RECORD EXTRACTS:
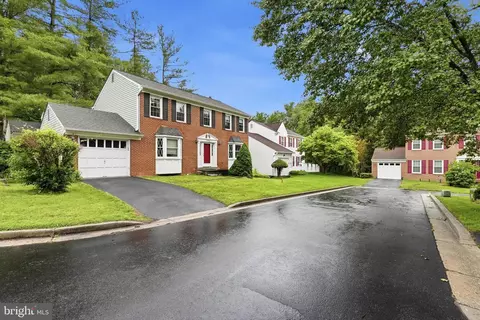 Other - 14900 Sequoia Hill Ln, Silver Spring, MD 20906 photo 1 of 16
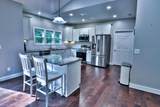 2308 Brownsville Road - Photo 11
...
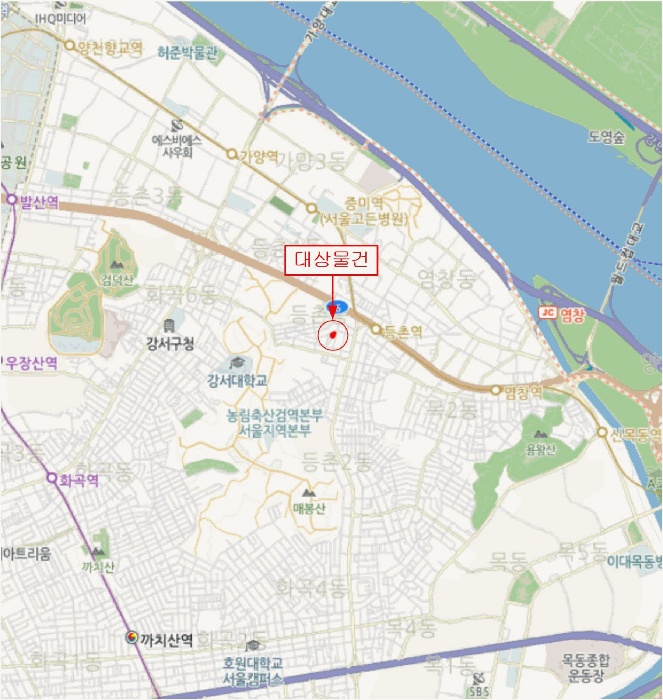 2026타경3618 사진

THE PROBLEM: Look above for the line with "Other - 14900"; quote it and every line after it, stopping after the line with "2308 Brownsville Road - Photo 11", exactly, with nothing added and without pictures.

FINAL ANSWER:
 Other - 14900 Sequoia Hill Ln, Silver Spring, MD 20906 photo 1 of 16
 2308 Brownsville Road - Photo 11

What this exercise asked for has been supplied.